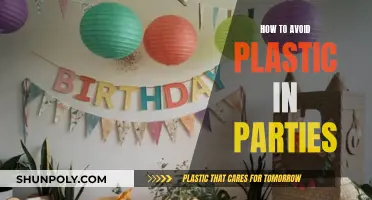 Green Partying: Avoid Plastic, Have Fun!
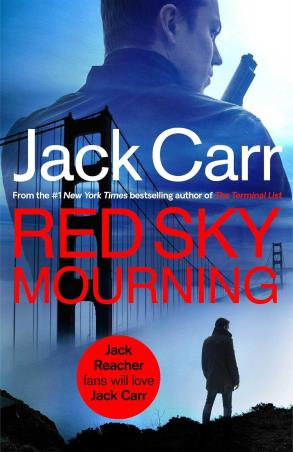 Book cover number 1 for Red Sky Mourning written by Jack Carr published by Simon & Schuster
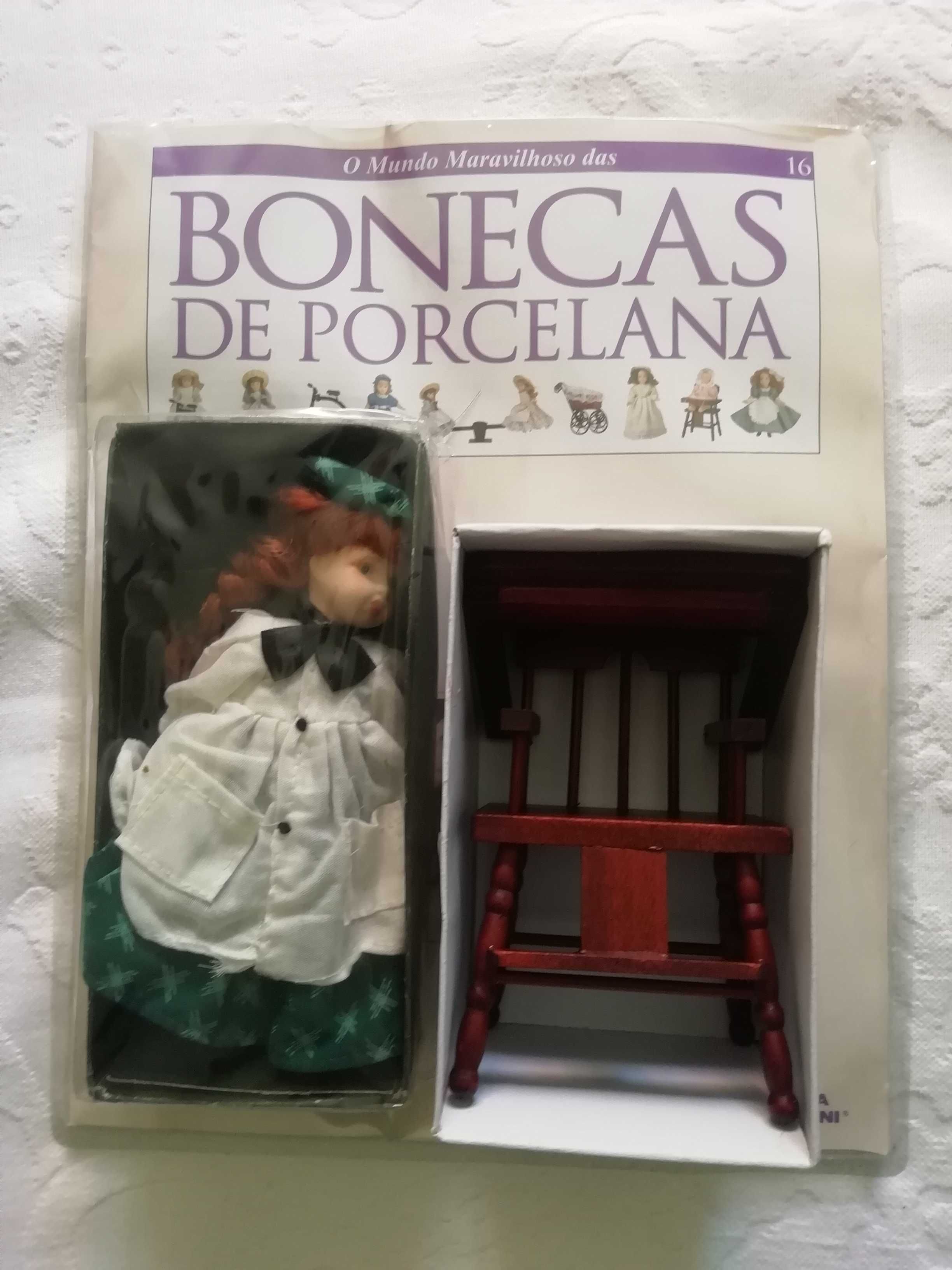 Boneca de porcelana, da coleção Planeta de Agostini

------------------------------------

Exercise requirements -> Give back the material word for word, without images.

Result of the task ->
 Green Partying: Avoid Plastic, Have Fun!
 Book cover number 1 for Red Sky Mourning written by Jack Carr published by Simon & Schuster
 Boneca de porcelana, da coleção Planeta de Agostini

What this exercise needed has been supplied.